Jeszcze w zeszłym tygodniu władze klubu nie kreśliły scenariusza, w którym przed zakończeniem sezonu zwolnieni zostaną Piotr Jawny i Marcin Dymkowski. Decyzja o rozstaniu zapadła w gabinetach przy Rychlińskiego w poniedziałek. Kluczowy okazał się styl porażki ze Stomilem Olsztyn - zespół broniący się przed spadkiem przez prawie całą drugą połowę grał w osłabieniu, a mimo to zdobył bramkę i odniósł zwycięstwo nad Podbeskidziem.

Bielski zespół wiosną zdobył sześć punktów w 9 spotkaniach (0-6-3), jeśli doliczyć do tego dwa ostatnie spotkania rundy jesiennej, to w ostatnich 11 meczach zespół zdobył siedem punktów. To plasuje Podbeskidzie na drugim od końca miejscu w tabeli. "Górale" nie wygrali od listopada.

Piotr Jawny i Marcin Dymkowski dostali bardzo dużo czasu, by wyprowadzić drużynę z kryzysu - takie głosy słychać z Rychlińskiego. Z taką oceną zdaje się nie zgadzać trener Jawny. Wczoraj przed południem zabrał głos w mediach społecznościowych. - Nie było żadnego kryzysu na wiosnę. Zespoł grał lepiej na wiosnę niż jesienią, cały czas się rozwijając. Ale magia najbardziej prymitywnej statystki (wyniku) działa najskuteczniej. To zasługa trenerów, że zorganizowali i nauczyli grać tak zespół, że gra najlepszą piłkę w 1 lidze, co potwierdzają nie tylko statystyki, ale i opinie każdego przeciwnika po meczu - napisał.

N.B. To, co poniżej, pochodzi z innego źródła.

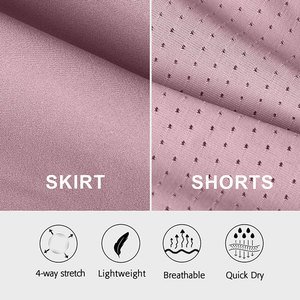 Custom Made Product Tennis Dress Lightweight Skin Friendly Ideal For Tennis Pickleball Golf Cycling Wear Women 2 Piece <b>Sets</b> - Product Image 6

Wpis szkoleniowca był odpowiedzią na statystyki przytoczone przez analityka Śląska Wrocław. Według expected points, czyli punktów liczonych na podstawie szacowanej liczby bramek, jakie w każdym meczu powinien zdobyć zespół, Podbeskidzie jest w ligowej tabeli na pierwszym miejscu przed Miedzią Legnica, Arką Gdynia, Resovią, Sandecją Nowy Sącz i Widzewem Łódź.

Kibice i dziennikarze nie mają wątpliwości, że zatrudnienie Mirosława Smyły, z którym dyrektor Łukasz Piworowicz zna się z czasów wspólnej pracy w Rozwoju Katowice, to opcja tymczasowa, którą Podbeskidzie daje sobie dodatkowy czas na znalezienie nowego szkoleniowca latem. Oczywiście może dojść do sytuacji, w której Smyła zostanie w Bielsku-Białej na dłużej, ale dziś to opcja mało prawdopodobna.

Równocześnie przy Rychlińskiego wciąż tli się nadzieja, że pod wodzą nowego trenera zespół zacznie zdobywać gole i wygrywać. Matematycznie nadal są szansę na znalezienie się w stefie barażowej na koniec sezonu.